Ending Road Fatalities and Injuries with Driver Visibility Improvements
Our Global Leadership Council for Fleet Safety, a brain trust of the best and brightest fleet operators committed to helping small and midsize fleets, defined a shared problem—vulnerable road users in drivers’ blind spots (or zones). We then helped create an innovative technology solution known as “Truck of the Future” for aftermarket vehicles through our Safer Roads Studio (SRS). We’re also continuing to work on implementing Direct vision cab design for new trucks in the U.S.
SRS is the center of gravity for our work to continually improve workplace safety, create thriving communities, and eliminate fatalities and severe injuries on the world’s roads. The Studio focuses on creating safer fleets, developing innovative road safety infrastructure, and building a network of innovators who want to save lives.
But why does our SRS see an urgent need to eliminate blind zones? Because, “(In the U.S.) trucks, in general, represent 12 percent or so of the total road fatalities, but the interesting thing is the trucks themselves are only about 4 percent of the vehicles operating on the road,” says Kate Fillin-Yeh, Director of Strategy, the National Association of City Transportation Officials.
Truck fatalities are high because drivers of large vehicles have limited visibility, making it difficult to make the safest choices.
As Kate continues, “two of the reasons are really specifically tied to vehicle design itself – where the driver sits compared to where the front of the vehicle is. The higher up and the further back, the worse the blind spots are. And those blind spots, particularly in the front, particularly on the side, are deadly for people walking or people biking.”
Truck of the Future: Driver Visibility Improvements for Aftermarket Vehicles
To address the issue of blind zones and reduce traffic deaths and collisions across the globe, we have been working on retrofittable solutions, such as cameras that give fleet vehicles 360° visibility. A commercially viable emerging technology was needed that could scale in the Americas for aftermarket vehicles. The winning solution was Humanising Autonomy‘s 360 Driver Visibility products, in collaboration with VisionTrack (Telematics) and Streamax (Hardware)—together referred to as “Truck of the Future”. Humanising Autonomy’s Behaviour AI platform is being deployed on fleet vehicles to alert drivers of vulnerable road users’ behavior and intent predictions in real-time.
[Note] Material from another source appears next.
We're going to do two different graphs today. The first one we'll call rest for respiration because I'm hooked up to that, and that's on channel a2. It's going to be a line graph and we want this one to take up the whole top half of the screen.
Retrofitted safety solutions are critical to road safety. Still, we cannot forget the shortcomings of existing designs that lead to blind zones, leading us to one place: a fundamental redesign of truck cabs.
In 2021, we made a case for Direct Vision in the U.S. by introducing the concept of high vision (or direct vision) cab design to North American fleets. And in 2022, we launched a Direct Vision Cab Standard and Certification program in collaboration with U.S. Dept of Transportation’s Volpe Center.
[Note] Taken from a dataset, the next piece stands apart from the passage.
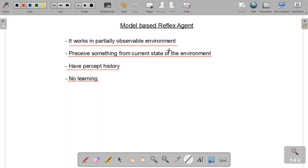So the model-based reflex agent is the advanced or upgraded version of the simple reflex agent, designed to work in partially observable environments and capable of handling exceptional cases possible in such environments.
We know that humanizing the problem of unsafe roads alone doesn’t work and that blind zones are a major contributing factor. Still, even telematics and retrofittable collision avoidance systems are a workaround to the root cause, poorly designed cabs.
As explained by Alex Epstein from the U.S. Department of Transportation’s Volpe Center, this is what happens when you can have all the safety equipment in the world, but your line of sight is impaired because of design flaws. In a classic conventional cab, a heavy vehicle driver follows all the rules and pulls to a stop as instructed. Federal guidance for the stop is set four feet back from a crosswalk. But, according to Volpe Center research, that driver, who is operating correctly, would still be unable to see twelve preschool-aged children in the crosswalk.
If the driver can be more aware and make eye contact with pedestrians, they can avoid these collisions and avoid tragedies. Trucks designed this way with poor visibility are a problem worldwide, but they shouldn’t be — as cab designs that reduce driver blind zones exist in Europe.
If private and public sector fleet leaders come together, we could make direct vision cab design the universal standard. Our primary focus is how cities and municipalities can work together to create market demand and leverage it to transform trucks.
Why start with cities? Municipal fleet vehicles make up a large proportion of the trucks in the U.S. and therefore carry significant weight with manufacturers on the way trucks are designed. Cities can decide what they want on municipal fleets, which means they can determine what they require for cab design.
The problem of severe injuries and fatalities on our roads has only gotten worse. Humanizing the issue has not worked, so retrofitting existing trucks while we work towards redesigned truck cabs is the solution to future trucks.